A LARP: Amtgard is a LARP. Don’t try to deny it, because if you do, then, as Randall would say, ‘you are wrong.’ Let’s look at the parts of a LARP and see how Amtgard holds up to them. Live: yes, it’s certainly live, we’re not rolling dice on a table, we’re out there hitting each other with foam. Action: it’s got tons of action in the detailed fighting and class system that we use. Role Playing: yes, it has this, too. Whether you look at 6.0 or 6.1, there is role playing. Both say you need a ‘persona’ from before the 1650’s, and as none of us lived at that time, to have this persona you must role play. If you don’t have a persona, then you’re not doing it right!
A sport: yes, Amtgard is a sport and should be treated as such. A sport is a physical competition with a clearly defined winner. Here’s a good example of what a sport is: football. Football is very physical. There’s pushing, shoving, and throwing things. It’s also a competition with a clearly defined winner, in which the team with more points wins. Amtgard is very similar… it’s physical and we hit people with foam padded sticks. It also has a clearly defined winner -- one person’s dead, and the other wins. If you don’t treat it like a sport, then you’re doing something wrong.
A medieval reenactment group: once again our game holds up to the test. We dress in funny medieval looking clothing. We have feasts, and we try to have ‘medieval’ food cooked in ‘medieval’ ways. We craft armour just as it was done back in the day, or at least as close to back in the day as we know. We war in medieval fashion. We have kings and queens, lords and ladies, and knights too. We even go and spend weekends sleeping on the cold hard ground (although this living medieval is questionable as most events have showers nearby, many weaklings use air mattresses, and there’s always that one guy who brings along his laptop). If you don’t at least try to be ‘medieval’ in the game, then you’ve got to rework what it is you do there.

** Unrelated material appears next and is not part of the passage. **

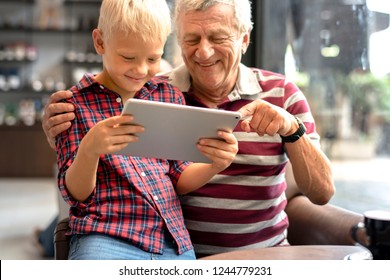 Grandfather And Grandson Playing A Video Game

But is this all Amtgard is? Is it only these parts? Isn’t there something more to the game that we all love?
Well, the answer is yes, there is more to it than just these parts. Each part leads into the others. By experiencing all three major areas of Amtgard, you will enhance your enjoyment of the game.
The LARP aspect leads into the others very clearly. You’re the dashing hero trying to save the maiden in distress. The sport aspect shows clearly in that the ‘winner’ is the team that has the fair maiden at the end of the game. And it leads into the medieval reenactment portion very well, too. The brave warrior who spent the past two weeks dishing out his plate armour will last longer against the evil anti-paladin that has kidnapped the fair maid.
The sport aspect also leads you to experience the others. It leads to the medieval reenactment easily. Many fighters go and buy medieval books about swordplay and warfare. They also engage each other in honorable duels to the death (tourneys) all the time. It also leads in the LARP aspect as we create medieval companies and households to do battle with our enemies. We travel great distances to war against the infidels in other kingdoms.
Finally, we see that the medieval reenactment portions of the game lead back into the others to complete the triad. We travel to events and live medievally. At these events is the best fighting, which is the sport aspect in its simplest. There’s also the best chance for good quests. Imagine the above scenario with the maiden and anti-paladin. But imagine it with many adventuring groups competing to be the ones to save her. The role playing aspect would be taken to many higher and different levels.
Amtgard is, in fact, more than the sum of its parts. By fighting, role playing, sewing, competing, escaping to fantasy worlds, and making armour, the game takes on new depth. Each act is its own reward, but each act also increases the reward from the others to become something much more than just what was put into it.